TASK TO COMPLETE>
Transcribe the listing below verbatim, omitting pictures.

DATA BELOW>
────────────────────────────────────────

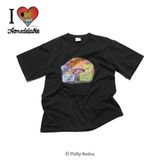  Áo thun ADLV - Acmédelavie Chill Guy AC Bear Chill Guy Short Sleeve T-Shirt 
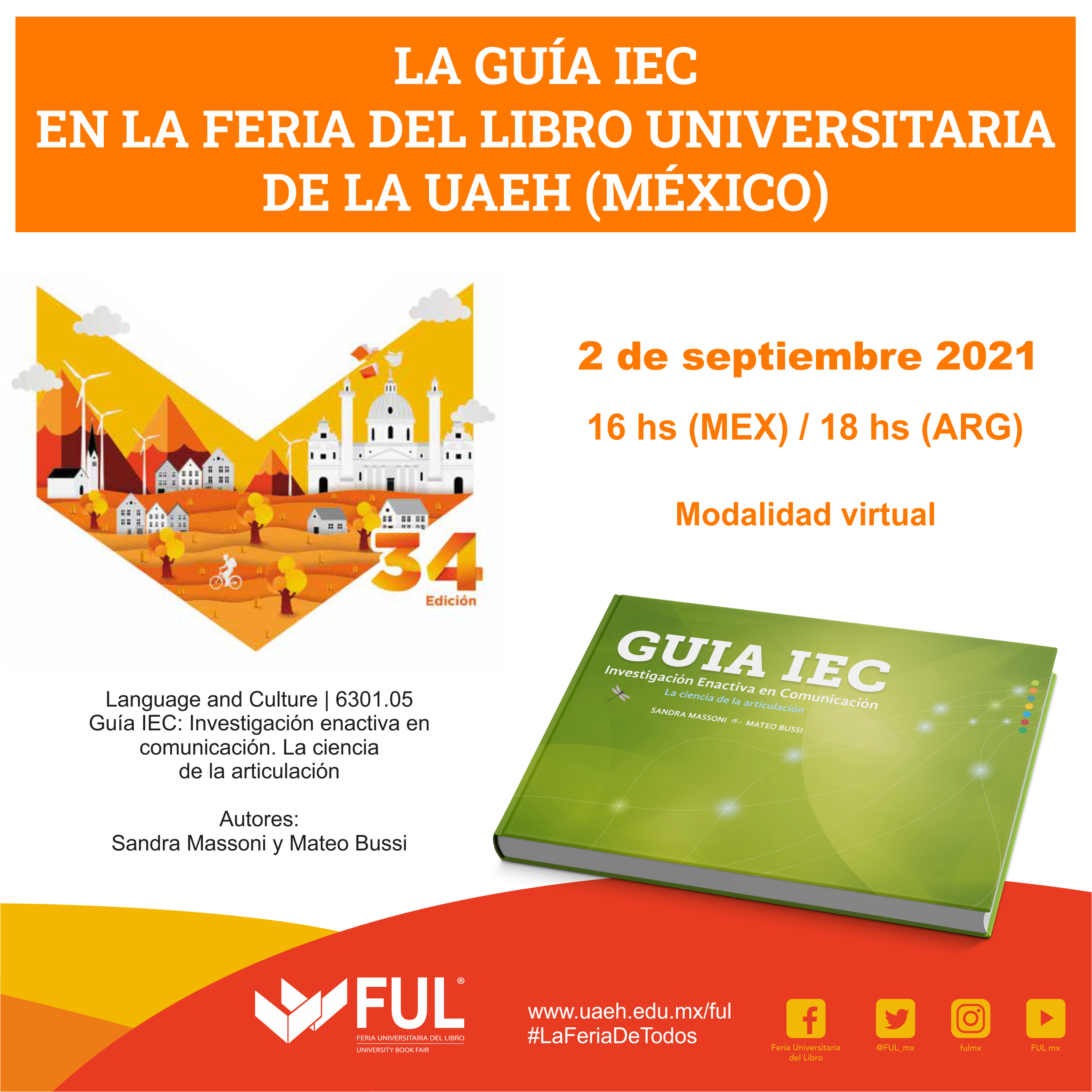 En la Feria del Libro Universitaria de la Universidad del Estado de Hidalgo (México) En la Feria del Libro Universitaria de la Universidad del Estado de Hidalgo (México)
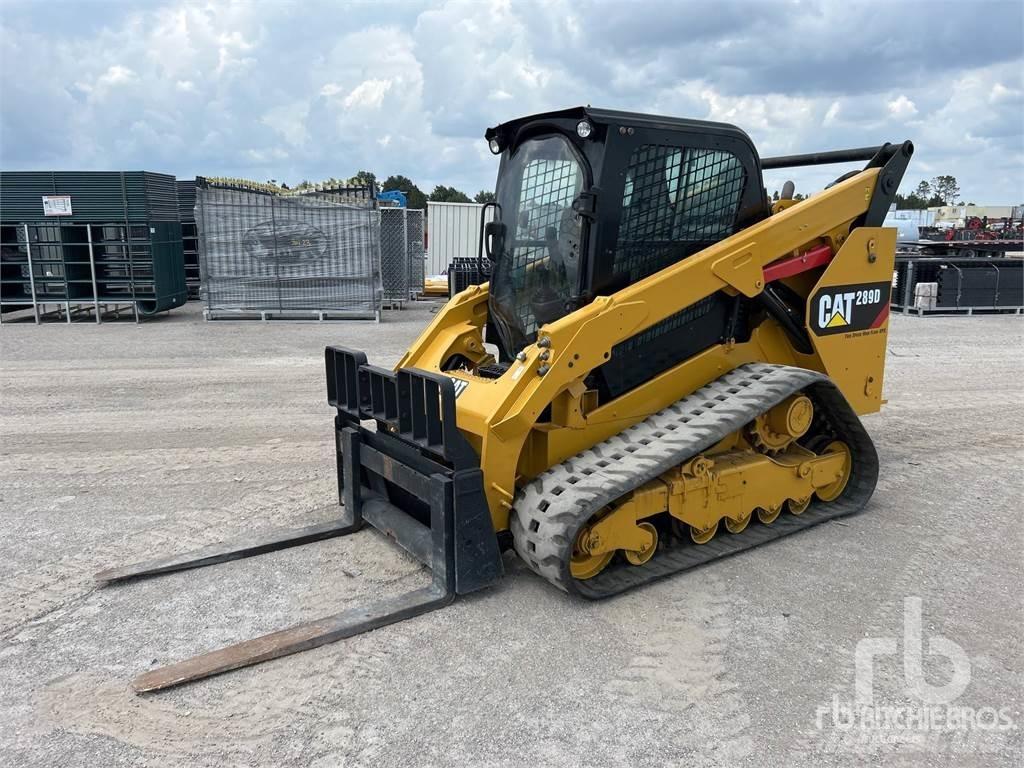 CAT 289D Skid steer mini nakladalci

────────────────────────────────────────

EXERCISE ANSWER>
  Áo thun ADLV - Acmédelavie Chill Guy AC Bear Chill Guy Short Sleeve T-Shirt 
 En la Feria del Libro Universitaria de la Universidad del Estado de Hidalgo (México) En la Feria del Libro Universitaria de la Universidad del Estado de Hidalgo (México)
 CAT 289D Skid steer mini nakladalci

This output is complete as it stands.